Doch wenn den Mönch, der eifrig kämpft,
die Geistesklareit nicht verläßt,
mag er aus diesem Sumpf sich retten,
dem man nur schwer entrinnen kann,
und schauen, wie die Welt sich quält,
versunken in Geburt und Tod.
*Schwären = eitriges Geschwür
In der Majjhima Nikaya 22 III,2 sagt Buddha, dass die sinnlichen Begierden unbefriedigend, voller Leid und Qualen sind und dass das Elend überwiegt. Er vergleicht sie gar mit flammendem Stroh, glühenden Kohlen oder mit einem Schlangenrachen. (Schlangenrachen gleich sind die Begierden, hat der Erhabene gesagt, voller Leiden, voller Qualen, das Elend überwiegt. (M22) Glühenden Kohlen gleich sind die Begierden, hat der Erhabene gesagt, voller Leiden, voller Qualen, das Elend überwiegt. (M54))
Buddha lehnte nicht nur die übertriebenen Askese und dem Streben nach Sinneslust ab und bezeichnete das Vermeiden dieser Extreme als Mittelweg. Vielmehr lehnte er auch die Unendlichkeitslehre der Sarvastivadin und die Vernichtungslehre der Sautrantikas ab, die einerseits der Seele eine dauerhafte Existenz einräumte und sie als Ausdruck der höchsten Wirklichkeit (Gott) betrachtete und die andererseits wie die Vernichtungslehre davon ausging, dass das Sein in einem unaufhörlichen Bewusstseinsstrom entsteht und wieder vergeht, der mit dem Tode endet.

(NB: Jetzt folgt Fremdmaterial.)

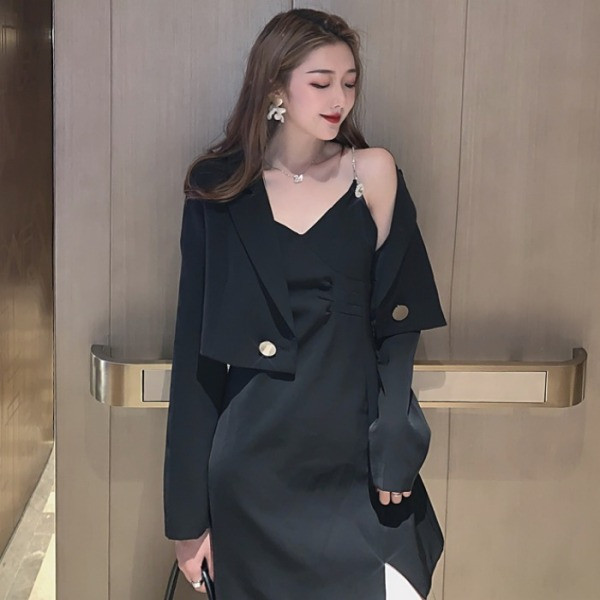 Elegáns női szett fekete ruhával és rövid kabáttal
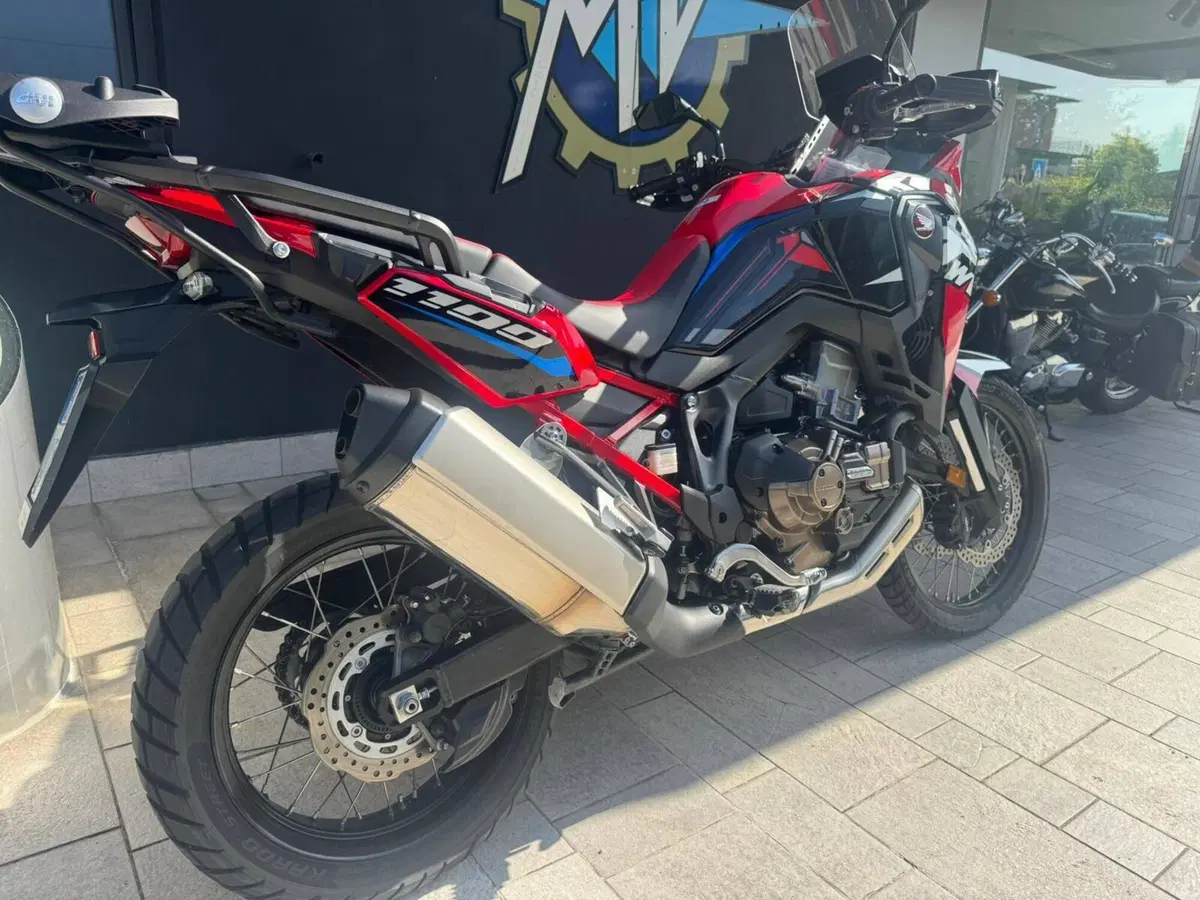 Honda Africa Twin CRF 1000L DCT Desert Track (2019 - 20) (3)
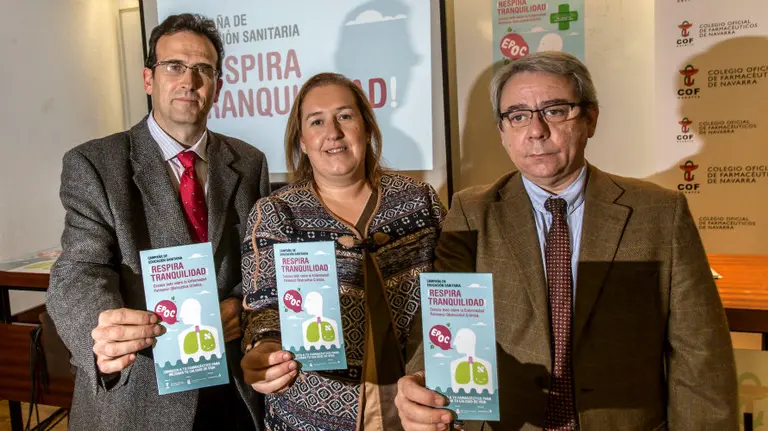 de izda a dcha
Antonio López, subdirector de Farmacia del Gobierno de Navarra
Marta Galipienzo, presidenta del COFNA y Antonio López, subdirector de Farmacia del Gobierno de Navarra.
Antonio Tirado, gerente regional de relaciones institucionales de Laboratorios AstraZeneca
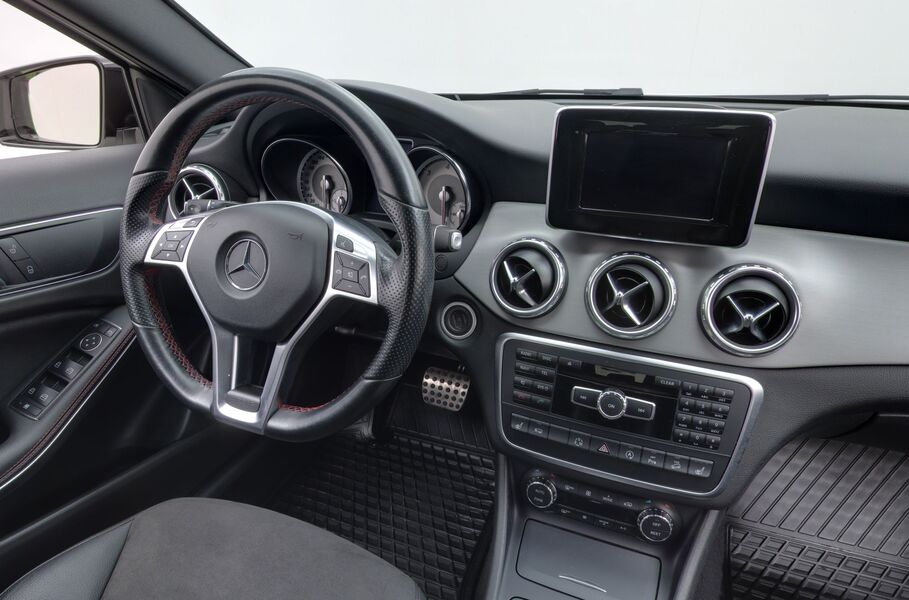 Mercedes-Benz GLA vaihtoauto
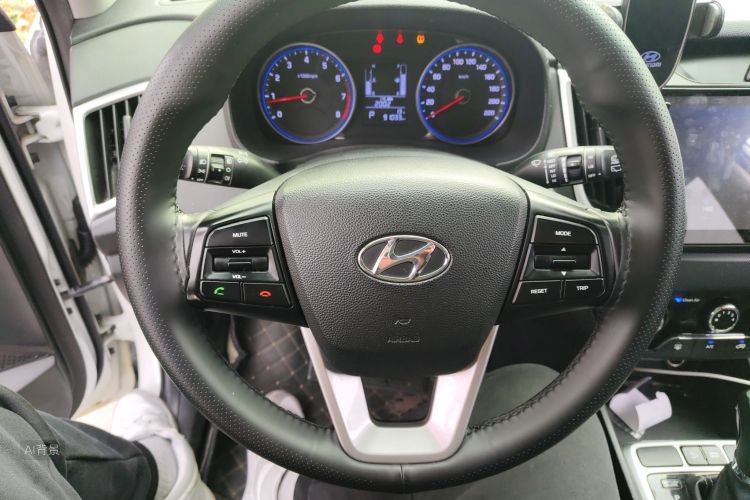 Hyundai ix25 2018 #12 Hyundai ix25 2018 car image #12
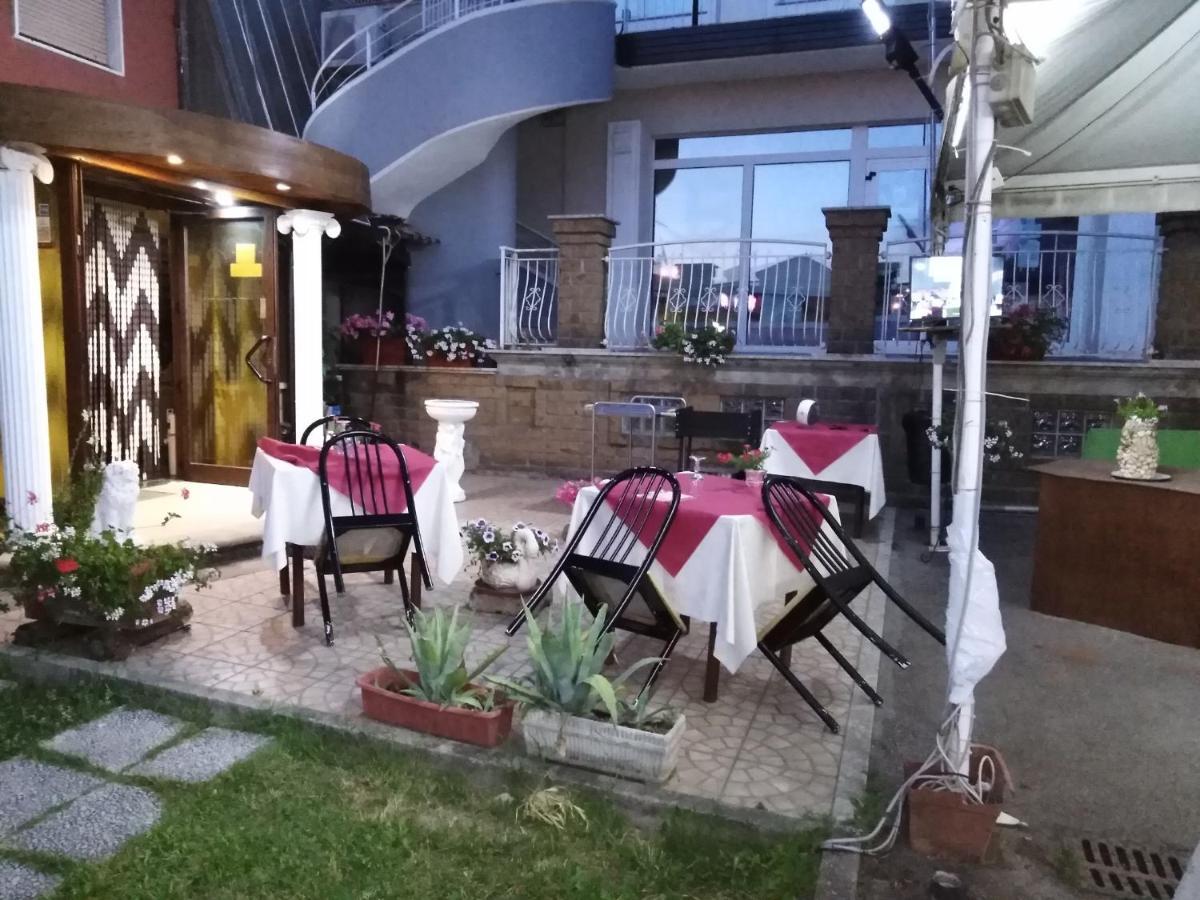 Hotel La Carina Гроттаминарда Экстерьер фото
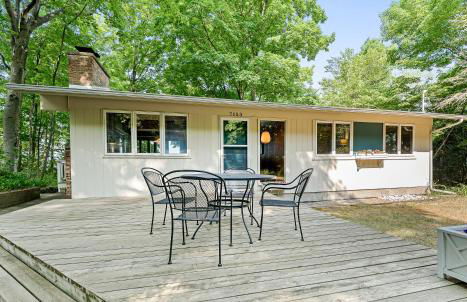 Experience comfort at Graceland, a charming 3-bedroom house - Foto 21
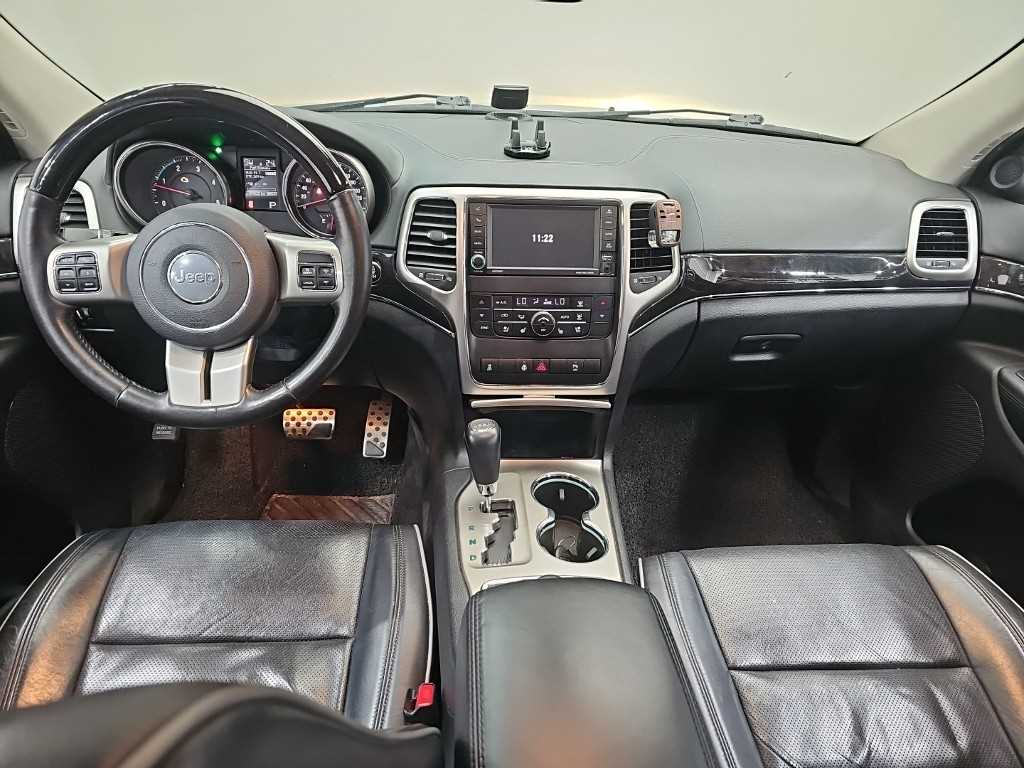 Jeep Cherokee - Vista 7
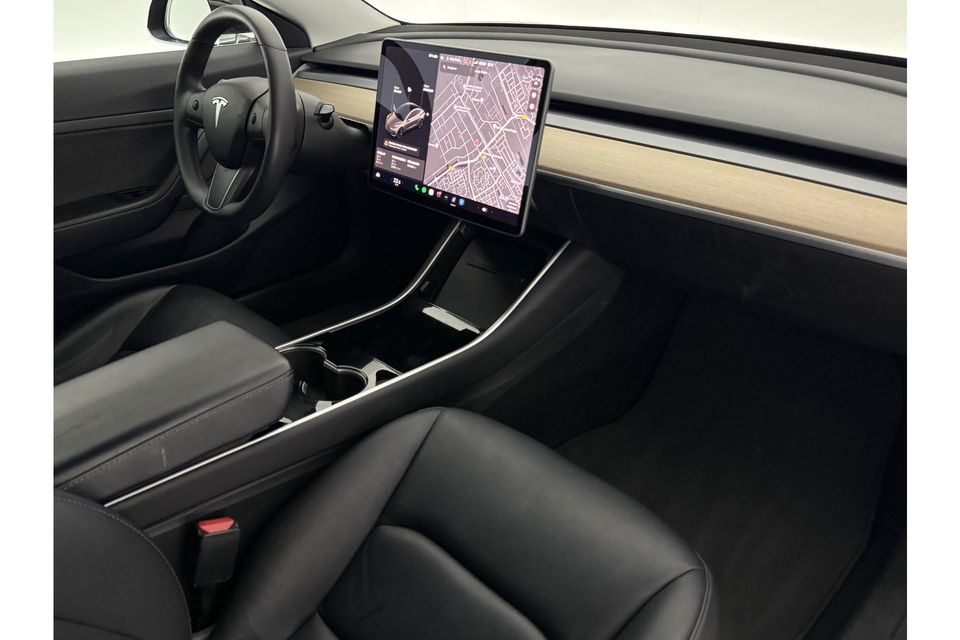 Tesla Model 3 RWD Plus 60 kWh 238PK Elektrisch 360Camera Autopilot LED Cruise Clima Navi Stoelverwarming Pano-View Memory Seats Leder PDC 18"LMV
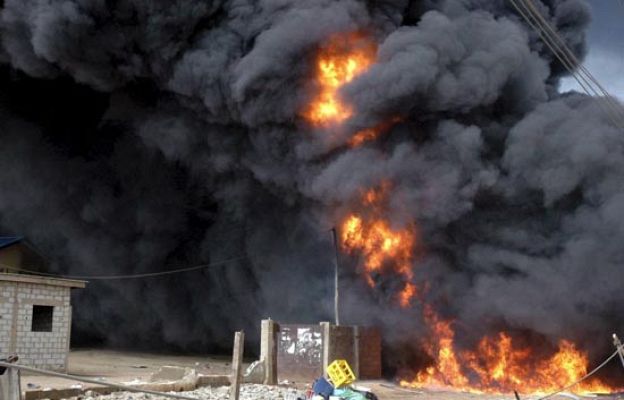  - Un oleoducto se incendia en Nigeria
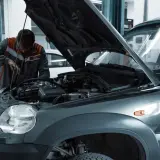 Mechanik sprawdza silnik auta przed sprzedażą. To ważny krok, gdy chcesz jak kupić auto w Niemczech.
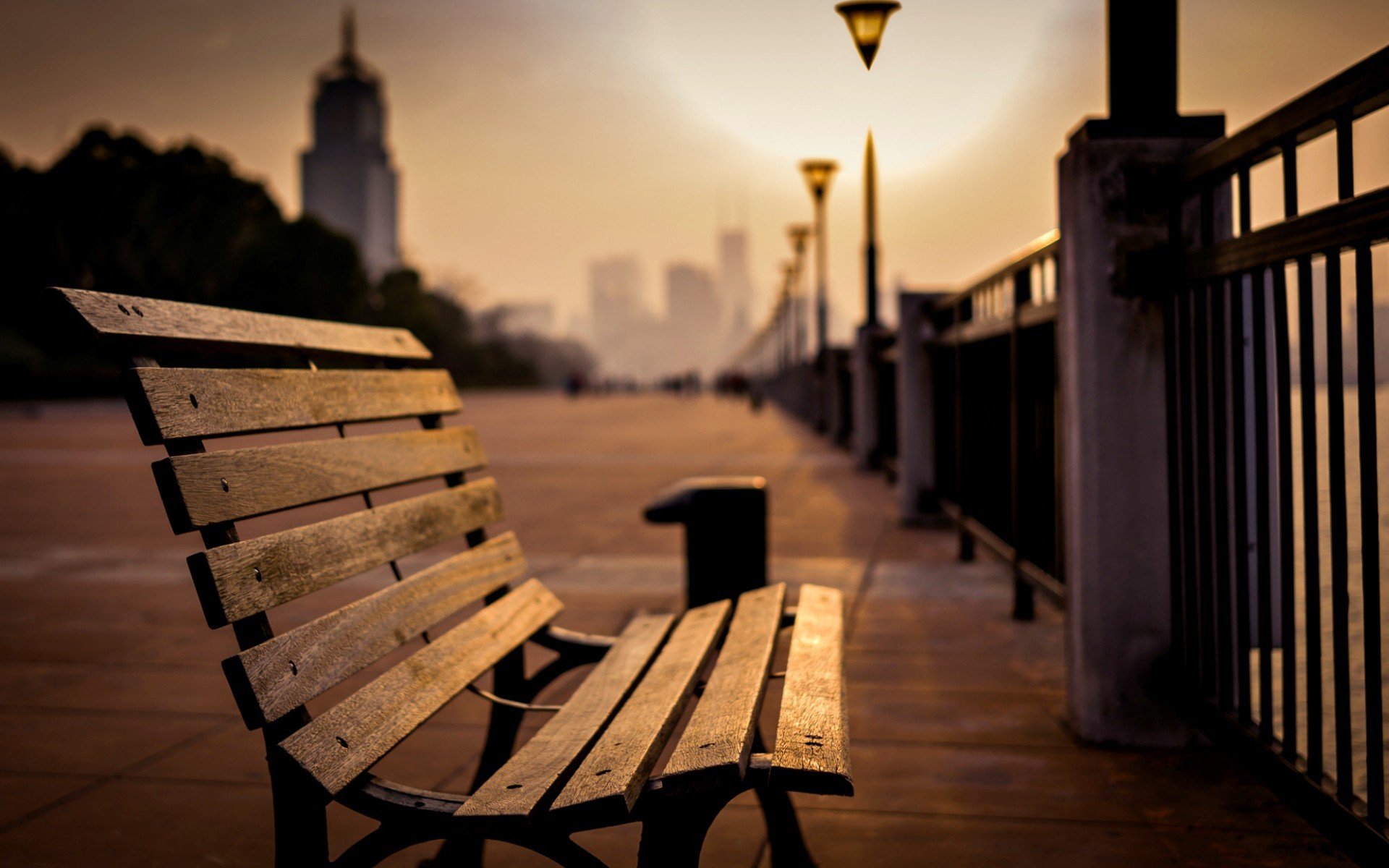 humeur banc banc banc le repos la détente parc clôture clôture la clôture la promenade la ville les gens le flou le soir l affiche la mer la lampe la lumière la ville un homme toile de fond fond d écran écran large le mode plein écran écran large écran large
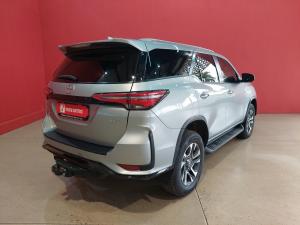Toyota Fortuner 2.4GD-6 4x4 - Image 2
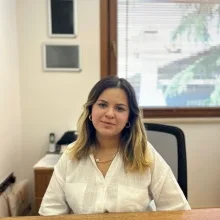 Kl. Psk. Melike Özdemir — Psikoloji, İstanbul. Portre fotoğrafı.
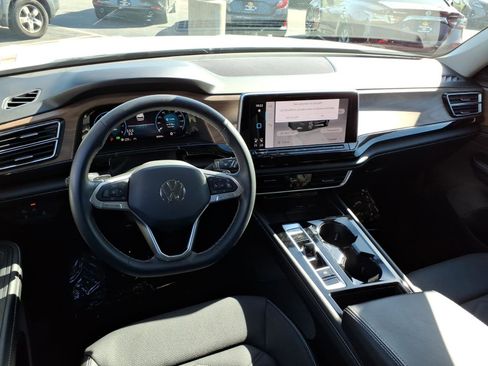 Used 2024 Volkswagen Atlas SEL Premium R-Line AWD/4WD image 5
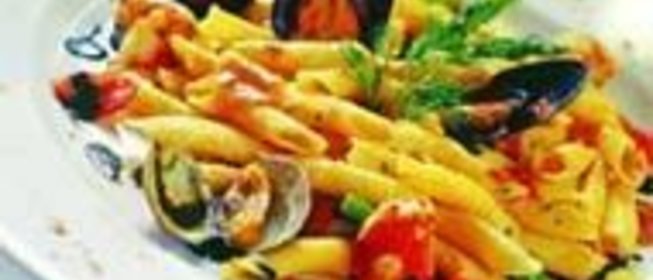 Гарганелли с морепродуктами и спаржей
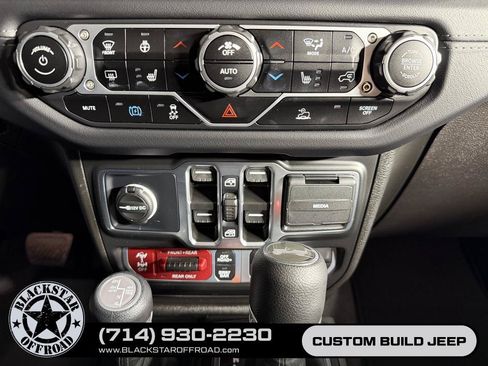 Used 2025 Jeep Wrangler Unlimited Rubicon 4xe w/ Convenience Group AWD/4WD image 22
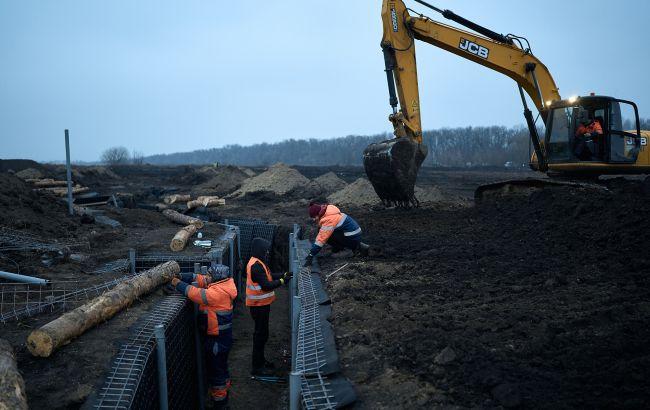 В Украине возводят сплошную линию обороны от Киевского водохранилища и до Сум, - ВСУ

Buddha lehnte auch diese beiden Extreme ab und formulierte einen Mittelweg. Dieser Mittelweg stellte den Menschen in den Mittelpunkt und lehnt sich an die Philosophie der Vernichtungslehre an. Er akzeptierte das permanente Entstehen und Vergehen der körperlichen und geistigen Daseinszustände, beschränkte sich aber auf das jetzige Leben. Genau so, wie Buddha es ablehnte, einen philosophischen Streit über die zeitliche und räumliche Endlichkeit bzw. Unendlichkeit des Universums zu führen, weigerte er sich, Aussagen über die Existenz bzw. Nichtexistenz der Seele zu formulieren. Ihm kam es im wesentlichen auf die Befreiung des Leids im jetzigen Leben an. Das war alles, was für Buddha zählte. Warum sollte er sich also Gedanken über die Existenz einer Seele machen?